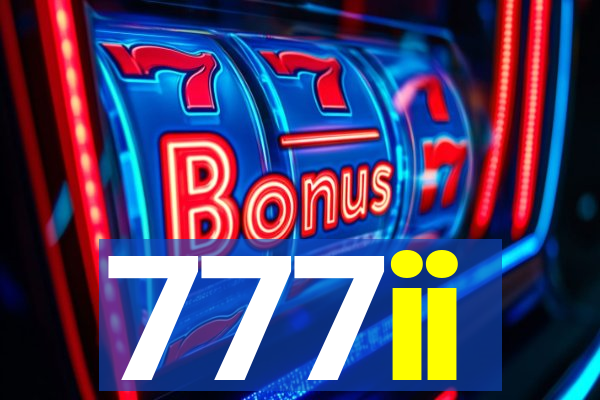 777ii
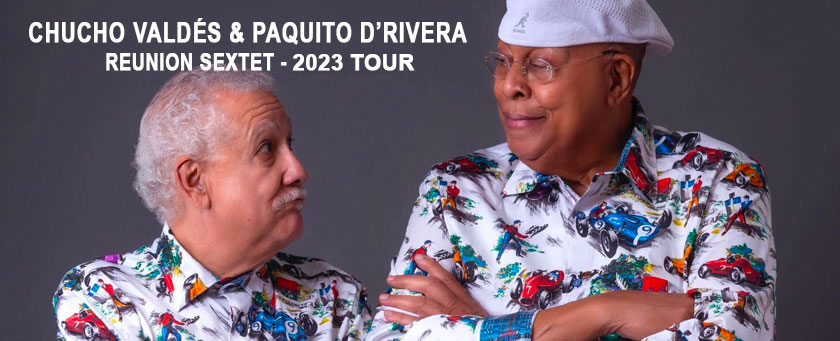 Chucho Valdés & Paquito D’Rivera Reunion Sextet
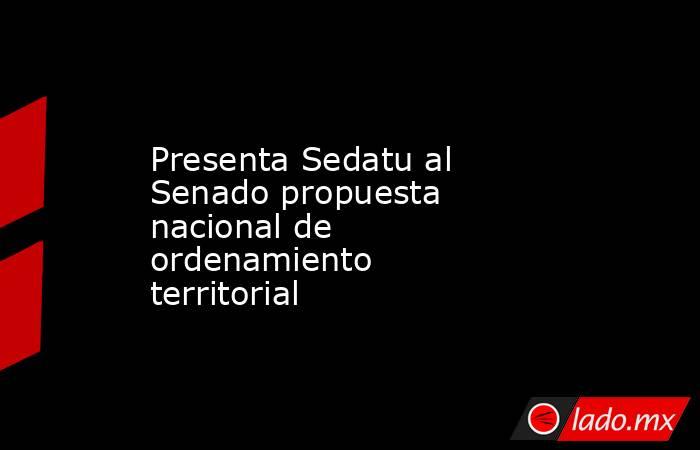 Presenta Sedatu al Senado propuesta nacional de ordenamiento territorial. Noticias en tiempo real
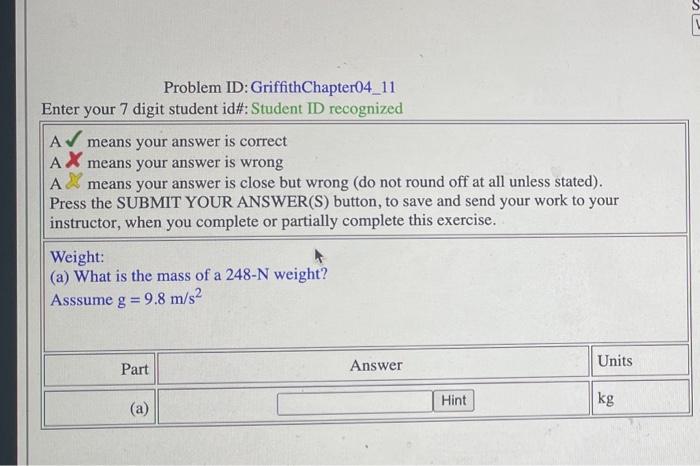 Problem Id Griffithchapter04 11 Enter Your 7 Digit Student Id Student Id Recognized A Means Your Answer Is Correct A 1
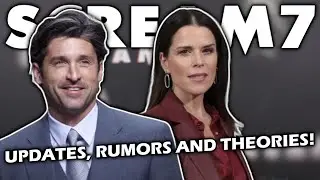 SCREAM VII: Updates + Theories!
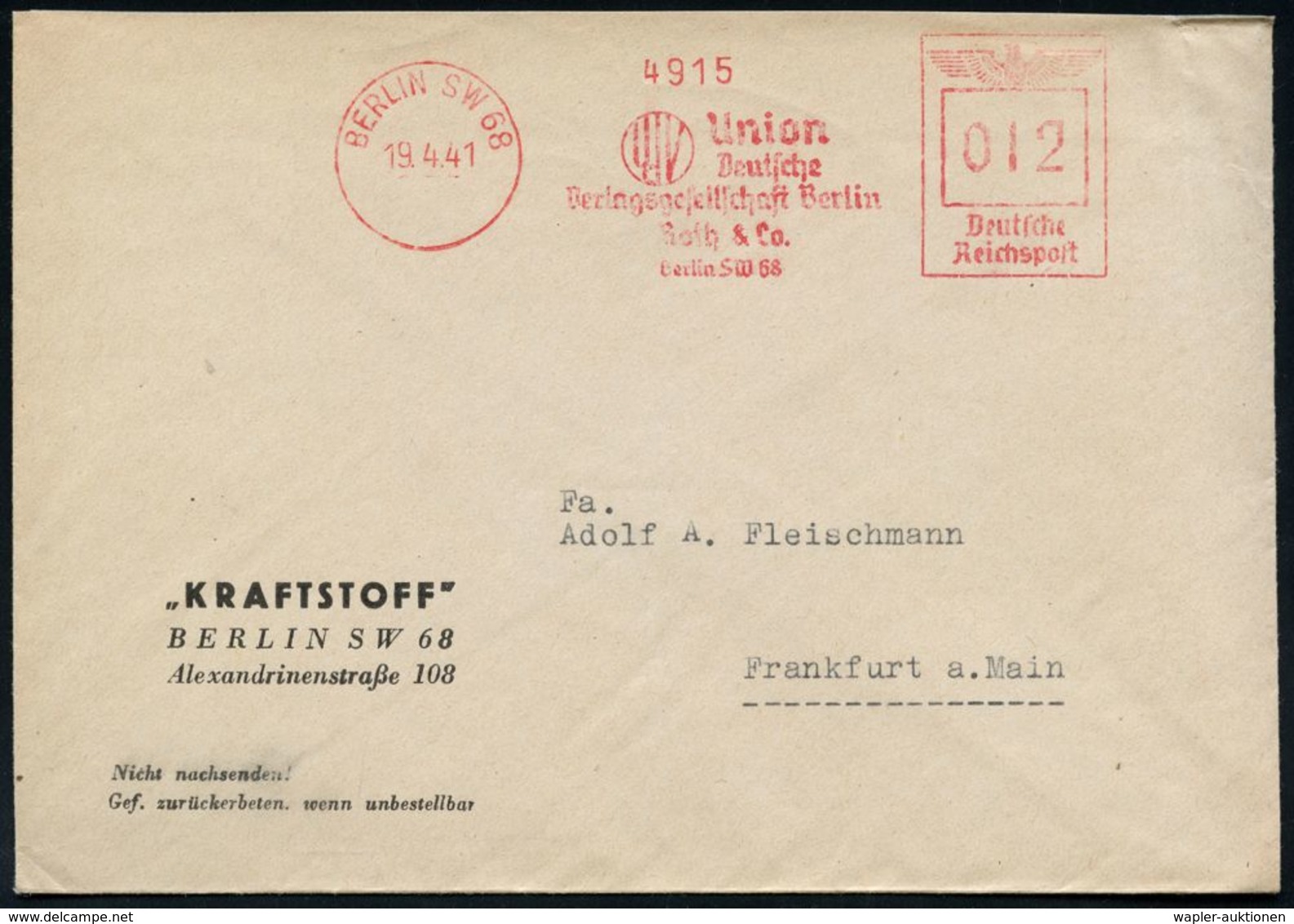 MINERALÖL & KRAFTSTOFFE / TECHNISCHE ÖLE : BERLIN SW 68/ Union/ Deutsche/ Verlagsgesellschaft Berlin... 1941 (19.4.) AFS - Chimie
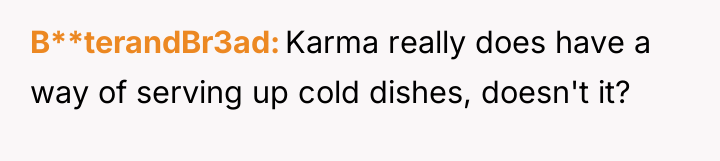 B**terandBr3ad Karma really does have a way of serving up...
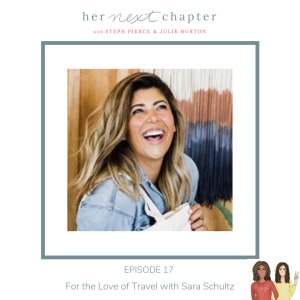 For the Love of Travel with Sara Schultz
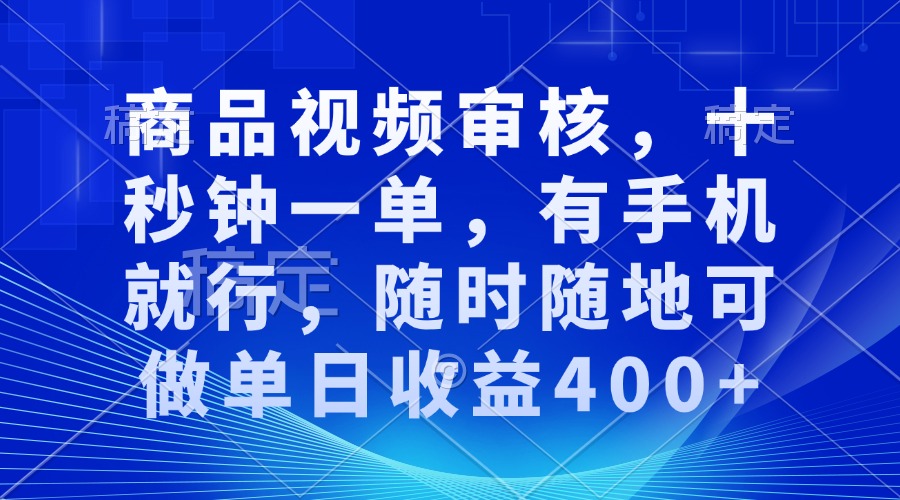 （13684期）商品视频审核，十秒钟一单，有手机就行，随时随地可做单日收益400+-黑斯坦丁项目网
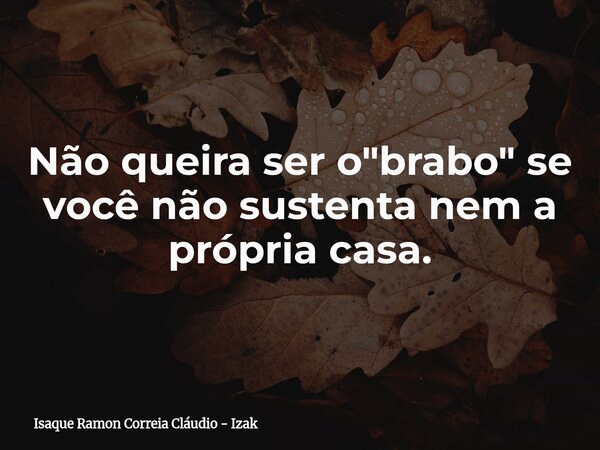 Não queira ser o "brabo" se você não sustenta nem a própria casa.... Frase de Isaque Ramon Correia Cláudio - Izak.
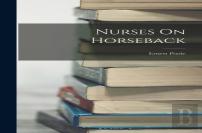 Nurses On Horseback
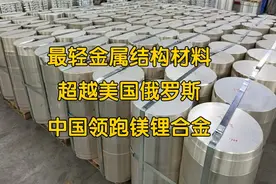 世界最轻金属结构材料超越美国、俄罗斯，中国镁锂合金取得领先！视频封面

### Assigned task
Set out exactly, and only, the lines between the first line of the listing and the line containing "Problem Id Griffithchapter04", counting both, while leaving every picture out.

### Exercise output
 777ii
 Chucho Valdés & Paquito D’Rivera Reunion Sextet
 Presenta Sedatu al Senado propuesta nacional de ordenamiento territorial. Noticias en tiempo real
 Problem Id Griffithchapter04 11 Enter Your 7 Digit Student Id Student Id Recognized A Means Your Answer Is Correct A 1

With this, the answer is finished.